- [WHAT YOU NEED TO DO]
Give the number of lines in the records below that hold "Medium"; nothing else is needed.

- [DATASET ENTRIES]
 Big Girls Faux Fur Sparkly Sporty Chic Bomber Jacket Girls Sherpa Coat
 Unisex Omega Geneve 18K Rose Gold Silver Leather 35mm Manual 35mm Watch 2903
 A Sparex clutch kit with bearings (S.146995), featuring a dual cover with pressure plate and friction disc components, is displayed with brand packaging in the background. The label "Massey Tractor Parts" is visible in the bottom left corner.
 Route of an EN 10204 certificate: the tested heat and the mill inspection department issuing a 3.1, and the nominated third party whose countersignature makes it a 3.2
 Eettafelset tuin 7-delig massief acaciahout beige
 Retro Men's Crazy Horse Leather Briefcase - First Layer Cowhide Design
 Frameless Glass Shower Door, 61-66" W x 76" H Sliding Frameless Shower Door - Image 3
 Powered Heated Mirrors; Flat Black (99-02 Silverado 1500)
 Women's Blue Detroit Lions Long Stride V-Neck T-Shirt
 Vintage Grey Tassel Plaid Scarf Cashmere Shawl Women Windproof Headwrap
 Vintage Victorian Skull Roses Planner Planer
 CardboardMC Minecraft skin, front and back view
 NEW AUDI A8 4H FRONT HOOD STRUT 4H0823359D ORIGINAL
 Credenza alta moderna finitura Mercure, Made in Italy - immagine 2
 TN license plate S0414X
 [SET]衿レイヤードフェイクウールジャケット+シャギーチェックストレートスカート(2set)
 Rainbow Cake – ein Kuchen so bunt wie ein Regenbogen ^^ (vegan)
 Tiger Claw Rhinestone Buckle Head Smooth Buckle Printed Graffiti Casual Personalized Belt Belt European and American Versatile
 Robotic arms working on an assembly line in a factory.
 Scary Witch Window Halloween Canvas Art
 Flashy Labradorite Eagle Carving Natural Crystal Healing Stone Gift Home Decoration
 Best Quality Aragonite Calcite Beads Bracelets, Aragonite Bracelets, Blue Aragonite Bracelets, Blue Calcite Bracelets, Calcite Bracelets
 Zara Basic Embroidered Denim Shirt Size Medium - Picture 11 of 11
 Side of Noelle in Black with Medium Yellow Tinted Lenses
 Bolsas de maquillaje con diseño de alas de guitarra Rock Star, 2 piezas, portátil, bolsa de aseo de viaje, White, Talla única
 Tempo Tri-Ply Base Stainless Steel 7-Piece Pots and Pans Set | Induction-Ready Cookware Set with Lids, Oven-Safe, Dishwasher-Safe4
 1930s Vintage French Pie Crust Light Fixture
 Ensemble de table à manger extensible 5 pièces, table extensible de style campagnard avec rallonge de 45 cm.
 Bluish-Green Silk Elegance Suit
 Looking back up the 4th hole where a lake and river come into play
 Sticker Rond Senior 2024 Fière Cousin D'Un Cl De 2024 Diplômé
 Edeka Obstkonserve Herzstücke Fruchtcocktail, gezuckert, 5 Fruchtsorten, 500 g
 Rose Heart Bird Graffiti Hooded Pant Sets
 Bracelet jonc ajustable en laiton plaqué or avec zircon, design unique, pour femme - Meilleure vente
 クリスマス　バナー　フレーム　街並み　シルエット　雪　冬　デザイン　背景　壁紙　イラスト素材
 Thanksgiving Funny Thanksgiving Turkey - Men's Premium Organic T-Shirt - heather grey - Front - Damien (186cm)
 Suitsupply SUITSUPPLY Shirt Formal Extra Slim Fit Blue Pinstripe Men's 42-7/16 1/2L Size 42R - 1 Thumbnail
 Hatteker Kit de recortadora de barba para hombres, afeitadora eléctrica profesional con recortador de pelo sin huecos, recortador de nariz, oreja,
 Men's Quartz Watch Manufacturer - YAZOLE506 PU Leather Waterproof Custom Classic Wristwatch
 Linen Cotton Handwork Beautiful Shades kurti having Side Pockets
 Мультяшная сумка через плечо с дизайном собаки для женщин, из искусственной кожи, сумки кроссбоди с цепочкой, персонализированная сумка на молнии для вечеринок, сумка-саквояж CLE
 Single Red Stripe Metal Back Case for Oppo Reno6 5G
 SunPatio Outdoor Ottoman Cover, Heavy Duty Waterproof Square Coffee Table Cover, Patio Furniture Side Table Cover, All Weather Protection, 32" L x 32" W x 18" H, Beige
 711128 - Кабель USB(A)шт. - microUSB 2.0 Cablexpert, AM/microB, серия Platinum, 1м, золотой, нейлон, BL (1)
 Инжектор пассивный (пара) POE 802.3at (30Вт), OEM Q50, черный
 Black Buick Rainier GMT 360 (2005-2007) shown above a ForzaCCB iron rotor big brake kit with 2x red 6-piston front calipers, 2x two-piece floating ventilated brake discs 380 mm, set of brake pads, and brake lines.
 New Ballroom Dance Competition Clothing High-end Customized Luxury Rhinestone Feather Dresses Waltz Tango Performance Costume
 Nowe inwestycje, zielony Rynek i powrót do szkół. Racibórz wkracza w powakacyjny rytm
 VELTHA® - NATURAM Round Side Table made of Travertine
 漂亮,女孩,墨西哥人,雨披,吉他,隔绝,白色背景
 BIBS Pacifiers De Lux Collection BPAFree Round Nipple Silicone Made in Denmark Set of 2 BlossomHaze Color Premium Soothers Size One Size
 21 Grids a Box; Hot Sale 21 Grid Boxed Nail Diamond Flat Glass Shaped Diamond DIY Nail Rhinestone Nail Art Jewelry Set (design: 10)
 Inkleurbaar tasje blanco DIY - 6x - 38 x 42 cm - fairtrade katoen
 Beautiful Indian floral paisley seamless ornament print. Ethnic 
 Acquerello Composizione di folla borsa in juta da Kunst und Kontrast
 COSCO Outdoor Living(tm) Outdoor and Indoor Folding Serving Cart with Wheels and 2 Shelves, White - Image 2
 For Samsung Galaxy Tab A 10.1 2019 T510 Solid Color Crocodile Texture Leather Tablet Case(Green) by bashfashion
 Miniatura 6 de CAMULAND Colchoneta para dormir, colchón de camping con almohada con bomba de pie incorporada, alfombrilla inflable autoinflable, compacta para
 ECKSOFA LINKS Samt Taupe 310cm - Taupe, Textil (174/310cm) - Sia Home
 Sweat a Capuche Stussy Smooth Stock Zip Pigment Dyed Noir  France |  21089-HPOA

- [RESULT OF THIS TASK]
2